Simmering it down, NRR is the tool we use to gauge business growth potential from our existing user base. These are more than just fancy calculations. We’re solving for where our growth potential is so we can strategize the best ways to influence that growth to happen.

Industry leaders say that a good NRR is going to show growth of over 100%. 

When the NRR passes the 100% mark, we see growth instead of a static revenue retention rate. An NRR of 100% shows that our annual revenue retention, or ARR, has either grown or remained the same.

Ideally, we want the NRR number to be 109%. This shows that we are retaining a good revenue income and also growing by roughly 9%. 

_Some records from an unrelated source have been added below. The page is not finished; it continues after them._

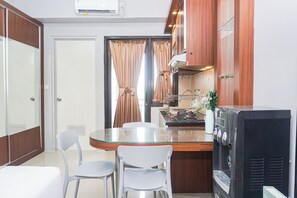 Eine kompakte Küche mit Essbereich, einem Kühlschrank und einem Fernseher.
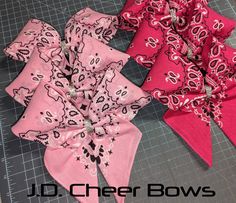 three bows are laying on a cutting board, one is pink and the other is red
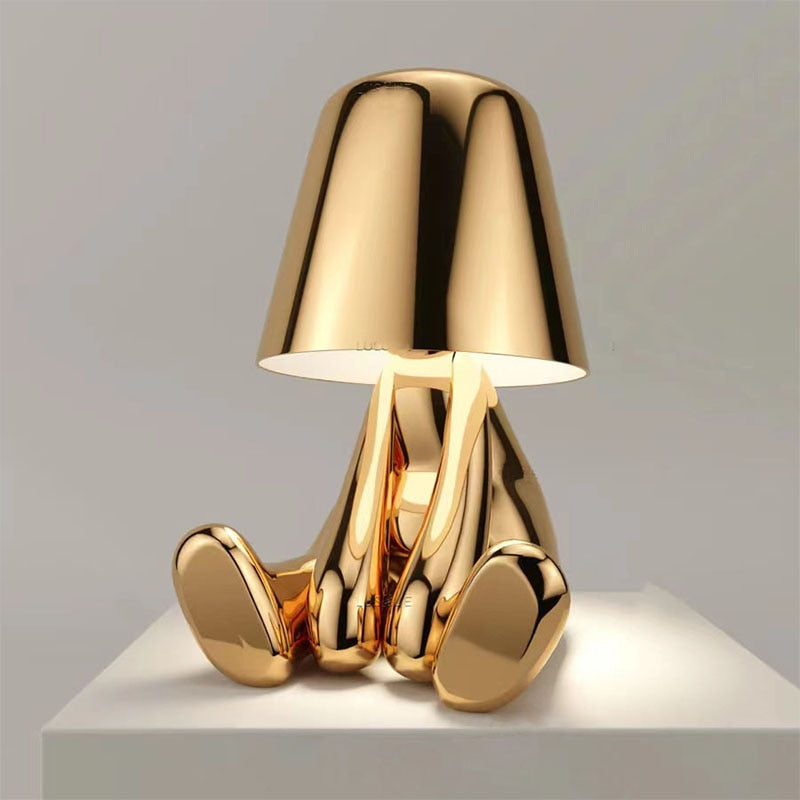 Stylish LED figure lamp in gold design, featuring a touch dimmer for a cozy atmosphere.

Recognize the room to grow 

While 9% is ideal, we have found that a business can grow by 20% per year by keeping a healthy net revenue retention. 

Using NRR gives us insights into how to upsell our subscription base. 

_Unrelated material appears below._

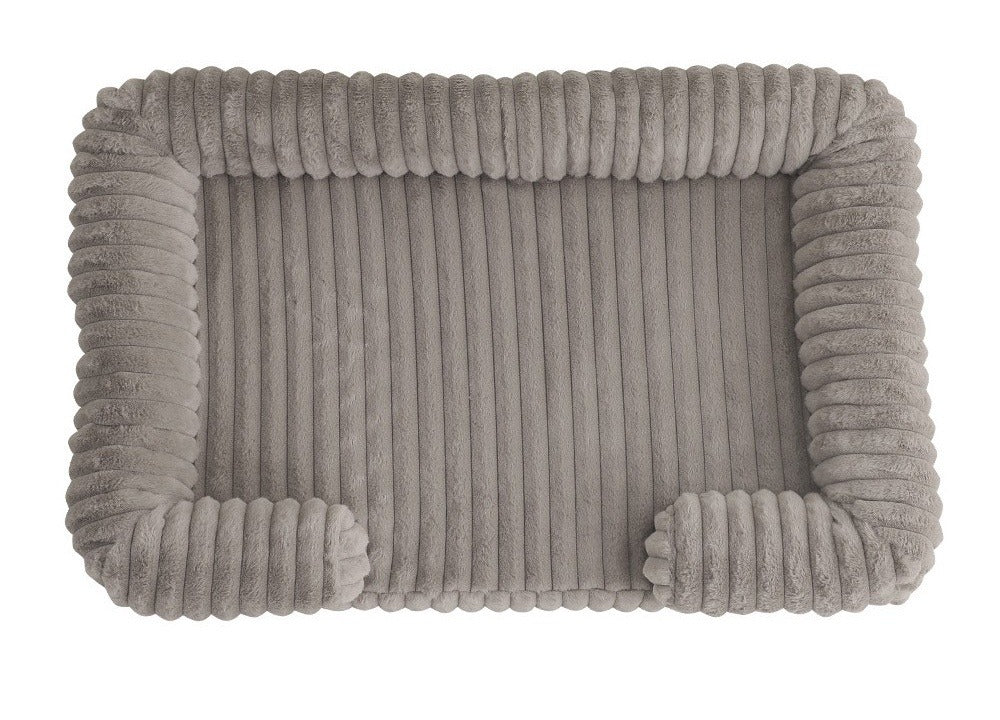 Greyish-taupe ribbed plush dog bed with bolsters and rounded front ends, seen from above on white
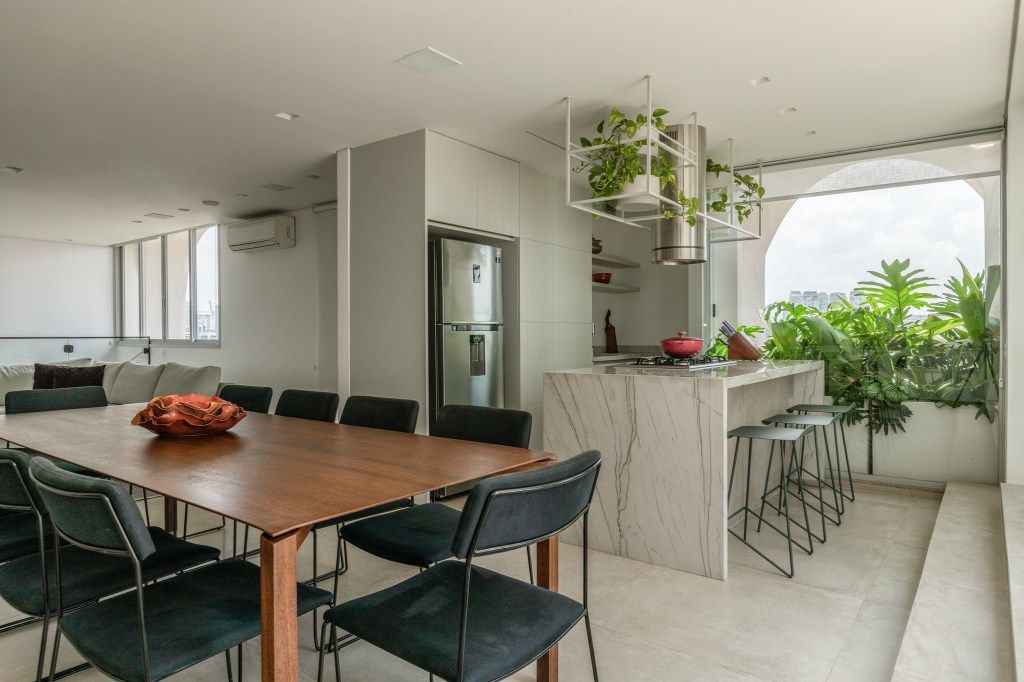 Reforma transforma apartamento de 362 m² em refúgio urbano minimalista. Projeto Inovando Arquitetura. Na foto, espaço gourmet com cozinha com ilha, prateleira suspensa e sala de jantar.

Because NRR can show us who is already engaging with a paid version of the product, we can use these metrics to estimate who will be open to an upsell. Upselling happens when your current customer base is open to the value offer for a higher-cost subscription. 

Invest time in expansion opportunities 

Remember a little while ago when we said NRR was good for expansion opportunities? We’ll bring it full circle now. Upselling is one of the expansion opportunities we can explore through NRR math. 

KPIs for the upsell 

We need a little bit from our data rather than solving for growth rates. KPIs take over here. Informed KPIs give us the data groups and tools for seeing the value our users are looking for in an upgrade. We sell from there. 

Building the upsell 

Setting data priorities straight empowers the upsell process. As we explore upselling, we work towards expansion revenue goals. Expansion revenue is any revenue that expands from initial customer contact. We call it expansion revenue because we’re exploring an expanding relationship with our customers. 

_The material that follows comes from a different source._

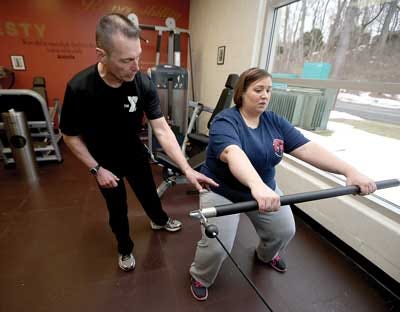 Photos by Daniel Freel/New Jersey Herald Melissa Olsen, of Vernon, gets some instruction from Sussex County YMCA personal trainer Kevin Carhart.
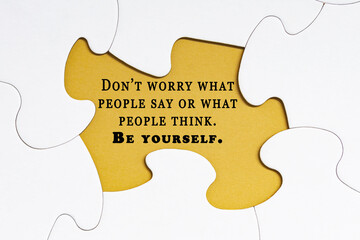 Motivational quote on jigsaw puzzle with some missing pieces.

Upselling is one of two primary expansion catalysts. The second catalyst is cross-selling. Cross-selling introduces customers to new features or add-ons within their existing plans.  

Prevent churn 

Remember that data can alert you to positive growth opportunities, but it can also show you areas where improvement is key. To avoid churns and “drop off,” you need to know your data and streamline the upsell and cross-sell to work naturally with where the customer is in their relationship with you.

 Marketing leaders remind us that no one likes to be “sold to.” A customer with an issue is more likely to have a negative reaction to expansion measures if they feel that their current needs are not being met. However, addressing this is relatively simple. When in doubt, return to your user data flows.    

Know your data 

We talked about KPIs a little while ago. Here is where they get all-important. Without a clear use for data, teams fumble around product management funnels in the dark. 

This is why actionable, AI-led product growth modeling is important. Here we point a laser to the KPI and hone in on data that is essential for reaching those KPI-based goals. 

Make your data work for the customer 

Whether you upsell or cross-sell, make data work for the customer. Boost your pipeline to understand the customer user-experience flow. Then, use this information to work in natural upsell and cross-sell opportunities.  

Coho’s AI-enhanced product-led growth insight tool will notify the team when a customer reaches a milestone. 

Notification helps teams to optimize the flow of selling prompts in a way that flows with the customer journey and needs. Is a customer outgrowing their current subscription? It’s time for an upsell. Is the customer running into a few roadblocks based on the need for one additional feature? Cross-sell to them. 

Coho AI enables personalized selling based on usage insights. 

Takeaways 

Customers are people. Data helps us relate to them in ways that are as diverse as they are. With better insights into the flow of their needs and wants, we can use the NRR to optimal advantage. 

Coho AI believes that product-led revenue growth is people-led revenue growth. AI empowers human interaction in mass numbers in ways that other growth models never could. 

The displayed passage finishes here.